Although the length of holding was not included in the analysis, it is interesting to note that some companies, such as Ping An Insurance, are held both by both top performers and bottom performers, and others are found predominantly only in best or worst funds.
Midea Group, a manufacturer of electrical appliances, is among the top 10 holdings in six out of 10 best performing China equity mutual funds. None of the worst performers holds the stock as one of its top ten holdings.
The Midea stock, which trades on the Shenzhen Stock Exchange, has more than tripled in value during the past three years.
The Agricultural Bank of China and Kweichow Moutai, a maker of premium liquor, are both among the top 10 holdings in four best performing funds (and only one poor performer).
Shares of the Agricultural Bank of China currently trade very closely to their price of three years ago, so holding them long term would not have contributed to outperformance. However, if sold sometime in mid-2015, and bought in the early 2016, the stock would have delivered a very handsome return due to wide swings in price.
The Kweichow Moutai stock, like Midea’s, also more than tripled in value within the past three years, and would have been a very good long-term holding.
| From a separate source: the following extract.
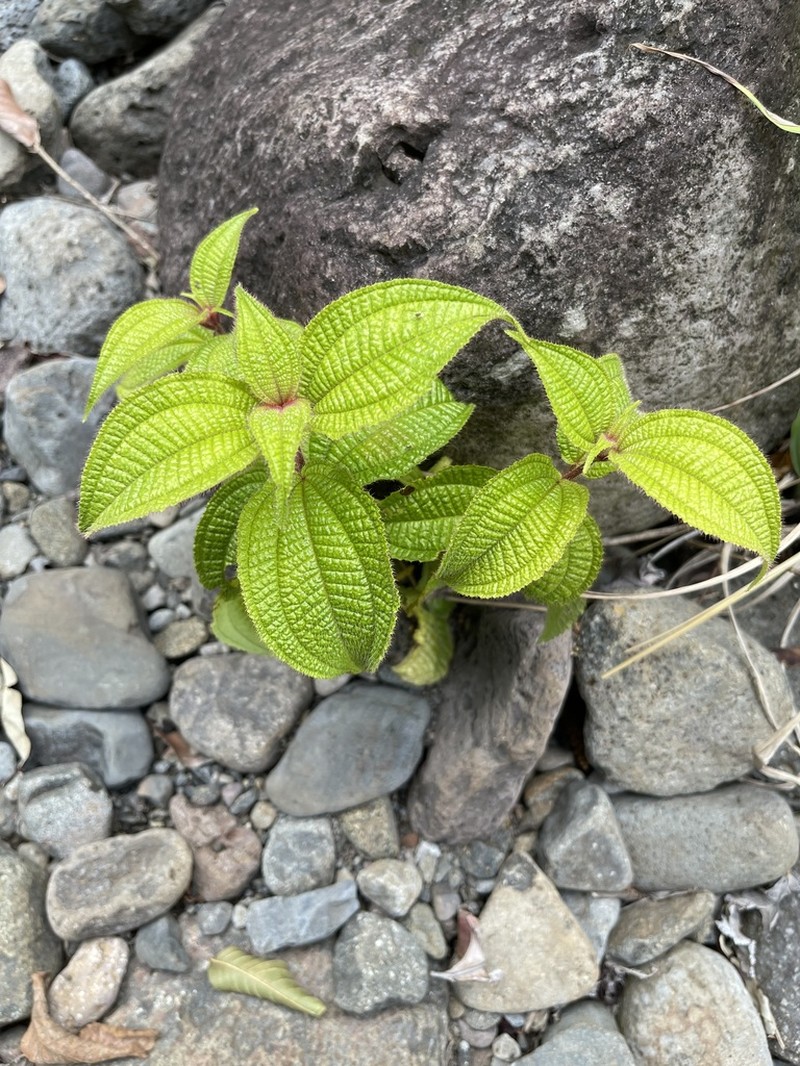Soapbush photo 8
Citic Securities and Industrial Bank were held by three top performers and none of the poor performers. The stock price of Citic remained essentially flat over the past three years. The shares of Industrial Bank grew by 70% in the same three years.
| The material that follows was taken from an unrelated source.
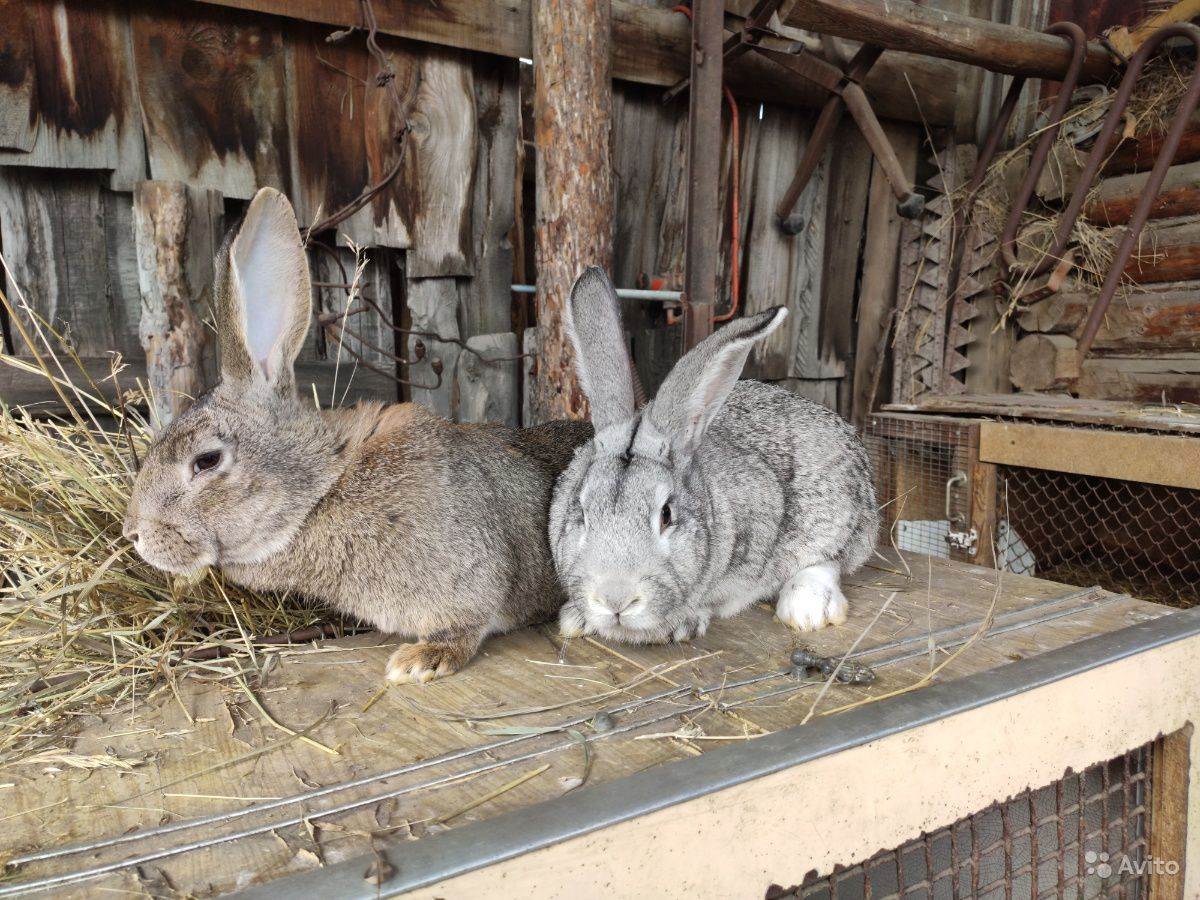 Кролики великаны: домашние породы, разведение, особенности и кормление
On the other hand, Tencent, the internet giant behind Wechat, is one of the top 10 holdings in five poorly-performing funds, and only one top-performer. The Tencent stock also tripled in value between the late 2014 and today, so it cannot be blamed for the funds’ poor performance.
Speculative conculsions
The quality of a fund’s management, and its expected returns, cannot be easily deduced from the fund’s current holdings without a detailed analysis that takes into account holding periods and correlations with other holdings in the portfolio.
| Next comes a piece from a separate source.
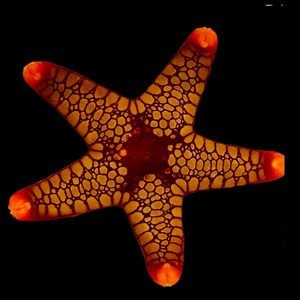 Mosaic Fromia Starfish (Very Nice)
However, China’s fund industry is far less mature than its developed market counterparts and some reasonable questions can be raised.
Could it be that managers who hold more traditional businesses like state-run banks, Midea and Kweichow Moutai tend to be more risk averse, while holders of the glamorous high flyers such as Tencent tend to be biased toward more risk taking?
Concentration is also an issue because a high weighting of top 10 holdings means those names will strongly influence performance.
The top performing funds had, on average, lower concentration, with 32%-52% of their holdings in the top 10 names. The worst performers had higher concentrations, their top 10 names accounting for between 45% and 68% of assets.